The top is a two toned orange (pearl tangerine with flo orange top, bottom and head with some white highlights, the middle painted in a blue "wild thing" pattern, both with glitter fleck in the top coat. The bottom one has olive foil over a copper body...although the picture sucks, the lure has a very natural flash and color...a combo of perch and gold shiner colors with a scaled back and tiger bars. (you get a glimpse of the foil effect on the close up lip picture above the gill)


----------



## flattiesinohio (Sep 30, 2007)

first let me start by saying i know nothing of lures just what i see and hear on here...lol....and that you make some nice lures!!!!!but i also wanted to ask about the first lip tie isn't that a little weak looking what i mean is if you hook into a large fish by the back trouble hook wouldn't it snap the lip...or pull threw?


----------



## etch (Oct 13, 2007)

awesome baits fug, you are going to slay the eyes with those bad boys!!!

Etch


----------



## Swede (Jan 17, 2008)

Nice ones especially the blue one ,bet you´ll catch plenty using them


----------



## vc1111 (Apr 13, 2004)

Fug, those are beautiful. I also like that blue one.

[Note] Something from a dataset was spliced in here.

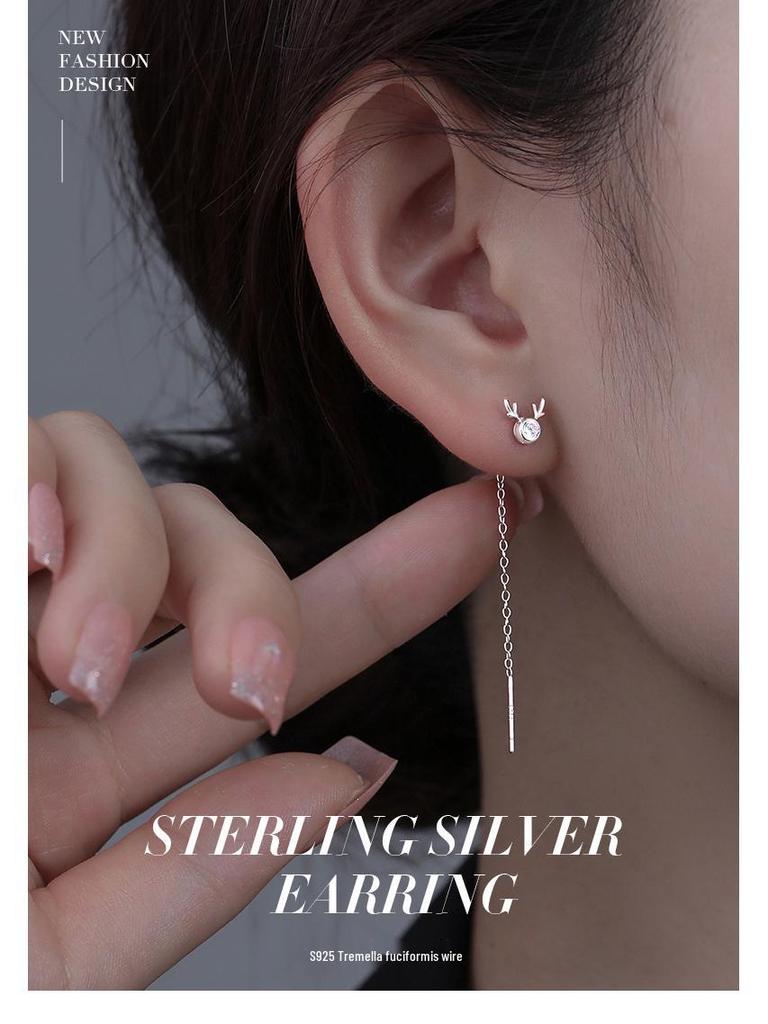 Náušnice s třásněmi Banyan Tree S925 Stříbro Paroh s vsazenými diamanty - Dámská vánoční edice.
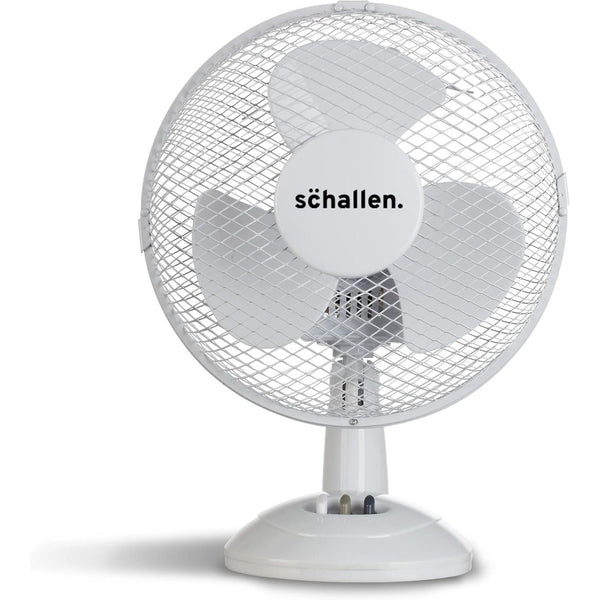 Schallen White 9 Inch Portable Desk Fan Oscillating Table Fan Quiet Electric Cooling Fan 2 Speed Settings Desktop Air Circulator Home Office Bedroom Workstation Garage Small Table Fan Plastic Blade Safety Mesh Grill UK Plug Grey White or Black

I always enjoy reading about experiments like these, especially with the lip because the lip is such a critical part of the entire bait.

The polycarbonate is some really impressive stuff when you think about it. It is the same stuff that is used for bullet-proof glass and it has a wide range of uses.

I've also used epoxy to render the edges of the lip super-clear as you did. Of course, without that treatment the rough edges turn crystal clear once they enter the water anyway, but it is one of those things that a lot of builders strive for...an attempt to build a perfect bait with a lot of extra touches.

Great work as always.

I recently found something that really surprised me. Instead of using a finer belt on the belt sander when making lips, I went ahead and used an 80 grit belt and figured that I'd just polish them later or hit the edges with some epoxy. However, the 80 grit actually super-heated the edge of the lip as I was shaping it, and ever-so-slightly melted the edges, rendering them very smooth and almost perfectly crystal clear; no sanding or epoxy was needed.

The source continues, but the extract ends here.